Cerberus precisely defines a range of allowed behaviour, not just that of some specific implementation, with a combination of loose (but precise) specification, e.g. for evaluation order, and parameterisation (e.g. for integer type sizes).
Cerberus is executable as a test oracle, to explore all behaviours or single paths of small test programs. It should be able to identify all undefined behaviours. It can thus be used as a reference for discussion and for understanding the standard. It should also be usable as an oracle for compiler testing. It is not an analysis tool for production C code.
The semantics defines a source-language semantics for C source. The design of compiler internal-language semantics is subject to different trade-offs, e.g. as in recent work for LLVM by Lee et al. (J. Lee, Y. Kim, Y. Song, C. Hur, S. Das, D. Majnemer, J. Regehr, N. P. Lopes. Taming Undefined Behavior in LLVM. In Proc. PLDI 2017). There should be a refinement relation between the two, and preliminary discussion suggests that should be achievable.

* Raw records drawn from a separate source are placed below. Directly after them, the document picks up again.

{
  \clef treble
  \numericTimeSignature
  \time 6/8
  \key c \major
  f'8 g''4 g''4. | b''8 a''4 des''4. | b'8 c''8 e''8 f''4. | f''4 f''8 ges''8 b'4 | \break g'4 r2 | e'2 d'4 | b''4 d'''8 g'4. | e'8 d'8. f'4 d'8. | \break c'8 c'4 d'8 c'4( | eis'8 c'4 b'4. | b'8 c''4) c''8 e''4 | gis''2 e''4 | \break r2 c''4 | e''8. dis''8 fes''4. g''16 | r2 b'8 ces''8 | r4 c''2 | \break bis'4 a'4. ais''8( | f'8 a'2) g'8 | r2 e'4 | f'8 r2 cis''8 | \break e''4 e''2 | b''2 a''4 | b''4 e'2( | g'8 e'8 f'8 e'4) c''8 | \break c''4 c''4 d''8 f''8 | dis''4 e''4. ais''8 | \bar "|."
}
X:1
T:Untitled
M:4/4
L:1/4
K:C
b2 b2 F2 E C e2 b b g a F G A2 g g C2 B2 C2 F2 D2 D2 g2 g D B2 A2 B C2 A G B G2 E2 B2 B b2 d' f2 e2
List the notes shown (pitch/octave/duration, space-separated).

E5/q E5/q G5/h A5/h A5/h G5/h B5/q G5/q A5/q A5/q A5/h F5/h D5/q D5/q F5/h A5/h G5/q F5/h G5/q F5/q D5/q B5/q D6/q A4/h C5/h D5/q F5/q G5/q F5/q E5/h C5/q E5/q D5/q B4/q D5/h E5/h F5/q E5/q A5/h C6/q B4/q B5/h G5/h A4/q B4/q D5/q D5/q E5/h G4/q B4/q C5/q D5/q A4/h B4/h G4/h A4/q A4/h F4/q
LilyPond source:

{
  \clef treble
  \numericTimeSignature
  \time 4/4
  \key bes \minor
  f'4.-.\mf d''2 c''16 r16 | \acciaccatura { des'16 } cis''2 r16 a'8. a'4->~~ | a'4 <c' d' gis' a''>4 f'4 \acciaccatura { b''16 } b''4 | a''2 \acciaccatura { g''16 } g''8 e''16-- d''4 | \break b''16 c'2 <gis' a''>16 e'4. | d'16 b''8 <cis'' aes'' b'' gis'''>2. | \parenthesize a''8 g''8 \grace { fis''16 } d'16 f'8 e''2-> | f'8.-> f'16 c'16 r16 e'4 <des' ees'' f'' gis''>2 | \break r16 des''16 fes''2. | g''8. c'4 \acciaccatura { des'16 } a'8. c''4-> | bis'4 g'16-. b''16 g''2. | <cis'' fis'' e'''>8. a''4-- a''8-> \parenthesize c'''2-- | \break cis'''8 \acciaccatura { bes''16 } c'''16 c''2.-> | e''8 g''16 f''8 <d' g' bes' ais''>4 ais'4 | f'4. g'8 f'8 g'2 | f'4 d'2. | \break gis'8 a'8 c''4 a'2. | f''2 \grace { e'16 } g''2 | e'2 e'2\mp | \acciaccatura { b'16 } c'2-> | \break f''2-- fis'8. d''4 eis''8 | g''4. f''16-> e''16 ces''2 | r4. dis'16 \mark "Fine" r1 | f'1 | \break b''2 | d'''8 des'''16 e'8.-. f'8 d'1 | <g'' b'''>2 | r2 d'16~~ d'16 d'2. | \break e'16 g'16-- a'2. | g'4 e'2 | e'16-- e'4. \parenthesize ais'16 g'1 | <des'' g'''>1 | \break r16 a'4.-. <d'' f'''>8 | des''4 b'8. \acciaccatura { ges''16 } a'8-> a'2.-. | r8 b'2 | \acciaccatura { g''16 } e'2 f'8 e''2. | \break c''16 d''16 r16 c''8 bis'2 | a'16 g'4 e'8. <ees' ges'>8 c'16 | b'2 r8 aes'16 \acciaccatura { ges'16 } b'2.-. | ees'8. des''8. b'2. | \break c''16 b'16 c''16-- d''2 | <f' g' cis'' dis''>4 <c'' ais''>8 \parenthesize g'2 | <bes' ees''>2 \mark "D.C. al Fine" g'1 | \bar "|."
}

The semantics is factored via an elaboration into a simpler Core language, to make it readable and conceptually and mathematically tractable; the dynamic semantics of Core can be linked with various sequential memory object models. We currently have two such models: a symbolic model, in which allocation addresses are maintained symbolically and execution accumulates constraints on them (with Z3), and a concrete model, using a specific allocator.
The front-end is written from scratch to closely follow the C11 standard, including a parser that follows the C11 standard grammar, and a typechecker.
We intend to make Cerberus open-source in due course.
Our model covers many features of C, both syntactic and semantic, but to keep the problem manageable we exclude some important aspects. We do not currently attempt to cover preprocessor features, C11 character-set features, floating-point and complex types (beyond simple float constants), user-defined variadic functions (we do cover printf
), bitfields, volatile
, restrict
, generic selection, register
, flexible array members, some exotic initialisation forms, signals, longjmp
, multiple translation units, most of the standard library, or concurrency. We focus on the C commonly used for mainstream systems programming without effective types, with -fno-strict-aliasing
. We are not trying to cover every conceivable C implementation, or those on exotic architectures. Our semantics is intended as a source semantics for C. For an intermediate language, e.g. LLVM, there are related but distinct goals. Our implementation and web tool are intended to explore the behaviour of small test cases, which is already challenging, not as a bug-finding tool for production C code, which would need considerably higher performance and coverage. Finally, while we have done significant testing and validation, more would always be desirable; Cerberus is work in progress, not a completely finished system.